An Evergreen State College professor has been placed on leave after an audit revealed that he could not account for at least $50,000 that he collected from students for study abroad trips he organized to Chile, The Seattle Times reported. Thirteen students have settled a dispute with the college over payments and are receiving refunds.

October 9, 2009

In an attempt to show that there are no "trick questions," the University of Oxford has for the first time released samples of interview questions used in the admissions process, The Times of London reported. Mike Nicholson, Oxford’s director of admissions, told the newspaper: "The interviews are all about assessing academic ability and potential.... The aim is to get candidates to use their knowledge and apply their minds to new problems while allowing them to shine. No special knowledge is required and there are no ‘right’ or ‘wrong’ answers.” Among the questions released: "What is language?" and "Why might it be useful for an English student to read the Twilight series?"

October 8, 2009

Sen. Tom Coburn, an Oklahoma Republican, is proposing that Congress bar the National Science Foundation from supporting research in political science.
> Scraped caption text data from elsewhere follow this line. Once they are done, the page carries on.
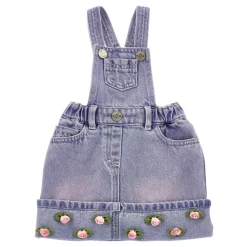 Salopette en jean avec petites roses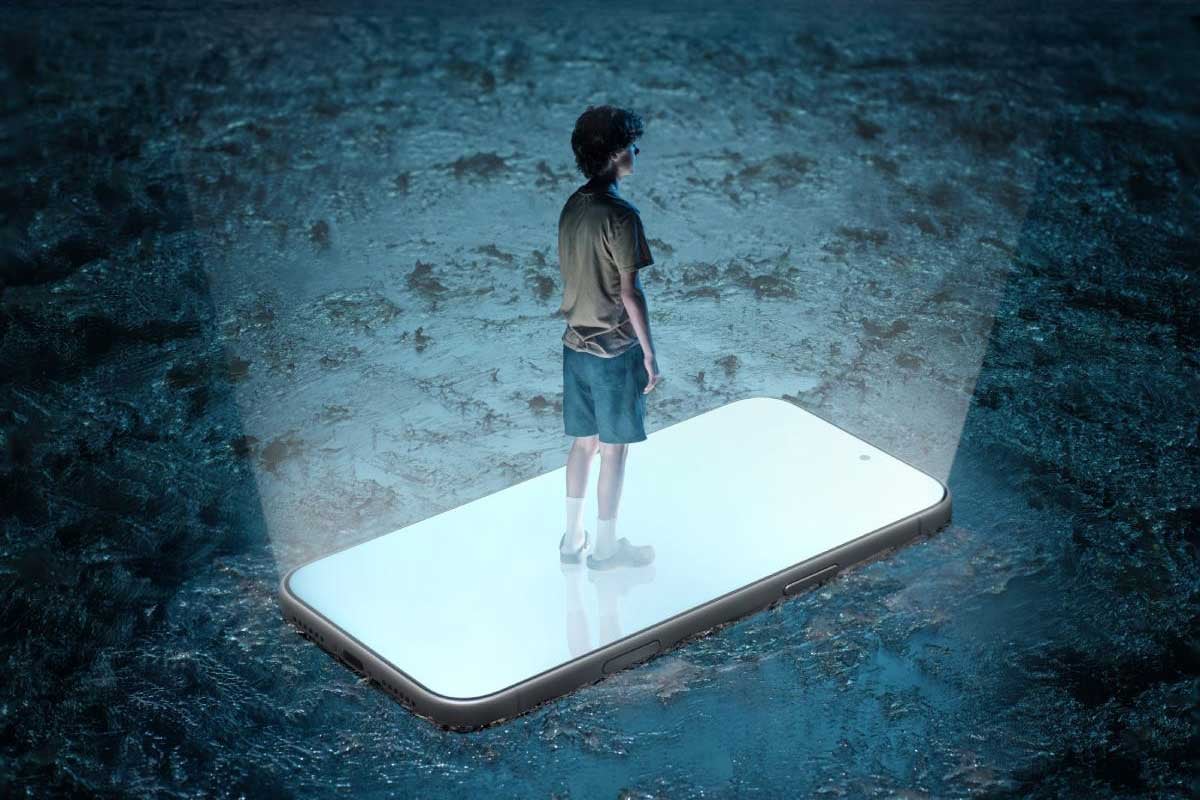 A digital photo illustration featuring a teenage boy standing on a large smartphone that acts as a life raft on a dark and stormy sea.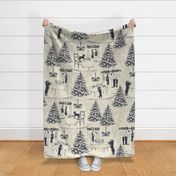 Bad Dog Holiday Party Toile - Navy Blue - Large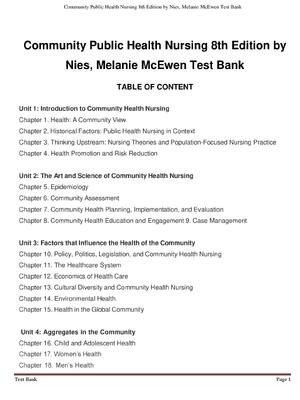 Preview image for Test Bank Community Public Health Nursing 8th Edition by Nies, Melanie McEwen Test Bank A+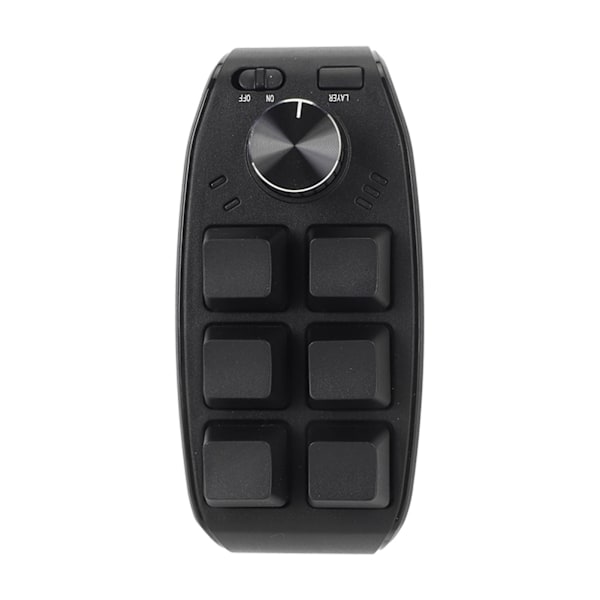 Mini Keypad 6 Tangenter 1 Vred Röd Brytare Mekanisk Plug and Play Programmerbar Keypad för Spel Kontor Media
While the NSF is best known for its support for the physical sciences, computer science and engineering, it has a long history of also supporting work in the social sciences. A statement from the senator said: "The purpose of this amendment is not to restrict science, but rather to better focus scarce basic research dollars on the important scientific endeavors that can expand our knowledge of true science and yield breakthroughs and discoveries that can improve the human condition." While such an amendment is unlikely to be enacted, the American Political Science Association is organizing letter-writing efforts against the measure.